5. Right to a Paper Copy of This Notice. You are entitled to receive a paper copy of our notice of privacy practices. You may ask us to give you a copy of this notice at any time. To obtain a paper copy of this notice, contact us at info@tunedcare.com.
6. Right to File a Complaint. If you believe your privacy rights have been violated, you may file a complaint with the Secretary of the Department of Health and Human Services. To file a complaint with our practice, contact us at [insert email.] All complaints must be submitted in writing. You will not be penalized for filing a complaint.
7. Right to Provide an Authorization for Other Uses and Disclosures. We will obtain your written authorization for uses and disclosures that are not identified by this Notice or permitted by applicable law. Any authorization you provide to us regarding the use and disclosure of your PHI may be revoked at any time in writing. After you revoke your authorization, we will no longer use or disclose your PHI for the reasons described in the authorization.

Again, if you have any questions regarding this notice or our health information privacy policies, please contact us at info@tunedcare.com.

California Privacy Notice

We are not yet subject to the California Consumer Privacy Act (“CCPA”) and will amend this Policy once we are. In the meantime, please see the section entitled “What Rights Do I Have Regarding My Personal Information” and the HIPAA Privacy Notice for further information on what you may request regarding the personal information we have collected.

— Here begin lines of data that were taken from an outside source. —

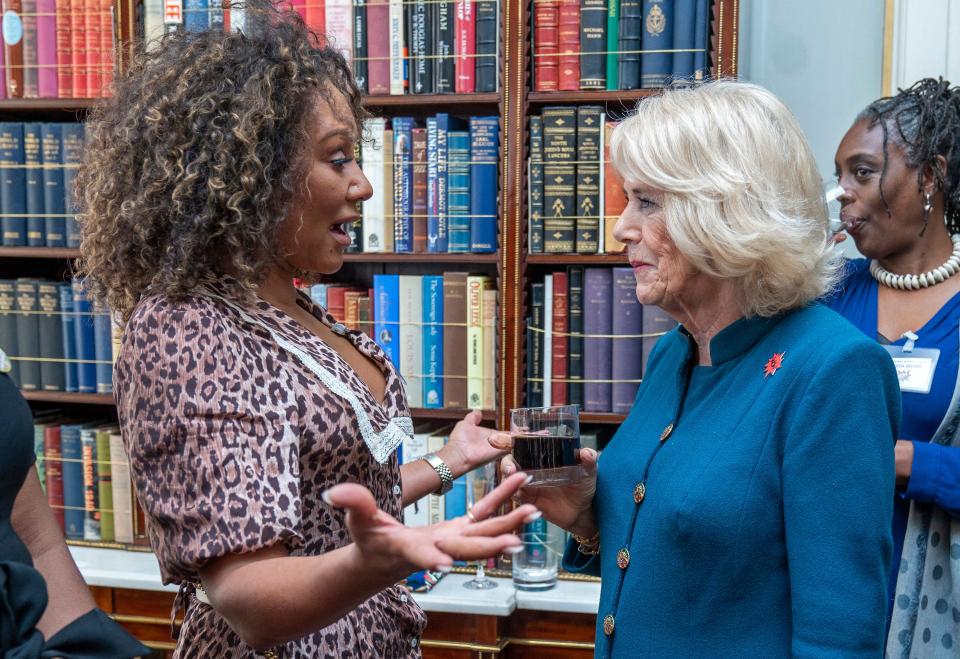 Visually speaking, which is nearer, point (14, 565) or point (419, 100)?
point (14, 565)

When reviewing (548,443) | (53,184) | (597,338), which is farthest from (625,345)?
(53,184)

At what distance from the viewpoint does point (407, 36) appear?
2576 millimetres

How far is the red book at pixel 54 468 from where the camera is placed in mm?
2896

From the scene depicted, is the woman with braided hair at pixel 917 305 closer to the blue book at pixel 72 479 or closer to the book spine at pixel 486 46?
the book spine at pixel 486 46

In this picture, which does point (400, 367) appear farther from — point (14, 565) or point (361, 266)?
point (14, 565)

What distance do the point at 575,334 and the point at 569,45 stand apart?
2.32 feet

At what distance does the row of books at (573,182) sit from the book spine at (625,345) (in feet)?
0.36

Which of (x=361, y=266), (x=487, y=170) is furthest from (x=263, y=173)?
(x=361, y=266)

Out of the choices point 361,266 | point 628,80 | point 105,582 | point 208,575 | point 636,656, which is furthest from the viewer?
point 361,266

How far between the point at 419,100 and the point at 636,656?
5.20 ft

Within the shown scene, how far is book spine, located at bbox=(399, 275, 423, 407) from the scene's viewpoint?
2.65m

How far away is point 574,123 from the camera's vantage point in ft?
8.17

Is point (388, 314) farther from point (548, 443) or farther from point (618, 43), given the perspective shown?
point (548, 443)

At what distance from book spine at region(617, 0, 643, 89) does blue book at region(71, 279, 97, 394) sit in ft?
5.15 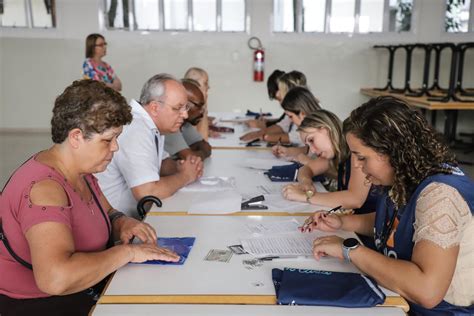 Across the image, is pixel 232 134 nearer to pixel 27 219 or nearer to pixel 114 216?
pixel 114 216

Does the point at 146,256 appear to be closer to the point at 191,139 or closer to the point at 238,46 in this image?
the point at 191,139

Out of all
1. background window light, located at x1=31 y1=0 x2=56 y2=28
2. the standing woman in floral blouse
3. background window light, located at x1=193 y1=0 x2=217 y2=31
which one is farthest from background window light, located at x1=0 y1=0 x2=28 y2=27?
background window light, located at x1=193 y1=0 x2=217 y2=31

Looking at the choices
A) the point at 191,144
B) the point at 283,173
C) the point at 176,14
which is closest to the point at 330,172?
the point at 283,173

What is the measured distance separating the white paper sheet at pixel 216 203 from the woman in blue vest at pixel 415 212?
2.07ft

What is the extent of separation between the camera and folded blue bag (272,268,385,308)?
4.04 ft

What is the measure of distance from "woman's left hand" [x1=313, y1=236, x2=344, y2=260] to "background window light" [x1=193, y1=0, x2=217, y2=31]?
6.97m

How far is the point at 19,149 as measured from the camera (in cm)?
686

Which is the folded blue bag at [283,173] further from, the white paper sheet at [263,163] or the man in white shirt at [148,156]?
the man in white shirt at [148,156]

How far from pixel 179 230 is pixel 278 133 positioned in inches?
95.7

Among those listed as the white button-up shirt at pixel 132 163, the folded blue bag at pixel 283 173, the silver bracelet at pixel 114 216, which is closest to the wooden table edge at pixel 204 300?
the silver bracelet at pixel 114 216

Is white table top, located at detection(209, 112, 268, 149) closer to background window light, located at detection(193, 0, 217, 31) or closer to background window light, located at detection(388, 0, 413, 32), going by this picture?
background window light, located at detection(193, 0, 217, 31)

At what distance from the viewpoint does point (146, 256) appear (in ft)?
4.83

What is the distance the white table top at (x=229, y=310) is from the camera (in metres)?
1.20

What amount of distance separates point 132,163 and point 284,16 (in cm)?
639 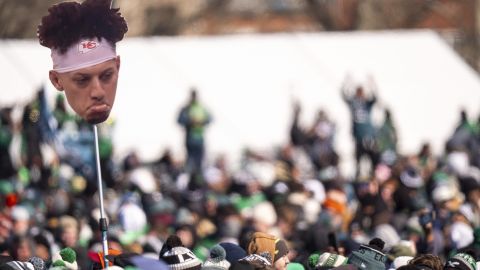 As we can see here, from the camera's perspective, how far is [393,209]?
19.7 m

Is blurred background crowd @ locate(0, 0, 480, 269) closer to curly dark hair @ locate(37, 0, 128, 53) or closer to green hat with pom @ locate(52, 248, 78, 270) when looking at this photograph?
green hat with pom @ locate(52, 248, 78, 270)

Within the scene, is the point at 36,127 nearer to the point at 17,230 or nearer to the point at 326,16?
the point at 17,230

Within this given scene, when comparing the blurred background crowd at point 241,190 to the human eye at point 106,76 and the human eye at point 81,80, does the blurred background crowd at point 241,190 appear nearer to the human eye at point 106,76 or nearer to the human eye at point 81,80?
the human eye at point 106,76

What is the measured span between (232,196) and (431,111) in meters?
9.40

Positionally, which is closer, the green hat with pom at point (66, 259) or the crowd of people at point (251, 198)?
the green hat with pom at point (66, 259)

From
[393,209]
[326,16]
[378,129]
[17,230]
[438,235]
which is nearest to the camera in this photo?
[438,235]

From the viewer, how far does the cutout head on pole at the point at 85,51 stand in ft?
40.7

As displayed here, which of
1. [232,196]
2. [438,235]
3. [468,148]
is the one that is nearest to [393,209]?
[232,196]

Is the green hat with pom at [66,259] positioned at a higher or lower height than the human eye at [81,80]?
lower

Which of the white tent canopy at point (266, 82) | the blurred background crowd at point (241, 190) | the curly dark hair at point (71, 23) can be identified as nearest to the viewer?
the curly dark hair at point (71, 23)

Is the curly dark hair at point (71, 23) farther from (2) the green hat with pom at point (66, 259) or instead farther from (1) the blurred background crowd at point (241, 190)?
(1) the blurred background crowd at point (241, 190)

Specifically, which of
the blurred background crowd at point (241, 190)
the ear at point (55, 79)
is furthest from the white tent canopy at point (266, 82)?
the ear at point (55, 79)

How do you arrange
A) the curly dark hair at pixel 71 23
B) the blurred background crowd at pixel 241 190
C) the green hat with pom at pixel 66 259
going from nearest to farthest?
the green hat with pom at pixel 66 259 < the curly dark hair at pixel 71 23 < the blurred background crowd at pixel 241 190

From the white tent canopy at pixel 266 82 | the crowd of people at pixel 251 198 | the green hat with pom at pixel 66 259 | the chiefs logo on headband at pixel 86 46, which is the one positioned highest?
the white tent canopy at pixel 266 82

In addition, under California Civil Code § 1798.83, California residents who have provided personal information to TunedCare may obtain information regarding TunedCare’s disclosures, if any, of personal information to third parties for third-party direct marketing purposes. Requests must be submitted to the following address: support@tunedcare.com. Within 30 days of receiving such a request, we will provide a California Privacy Disclosure, which will include a list of certain categories of personal information disclosed during the preceding calendar year to third parties for their direct marketing purposes, along with the names and addresses of those third parties. This request may be made no more than once per calendar year.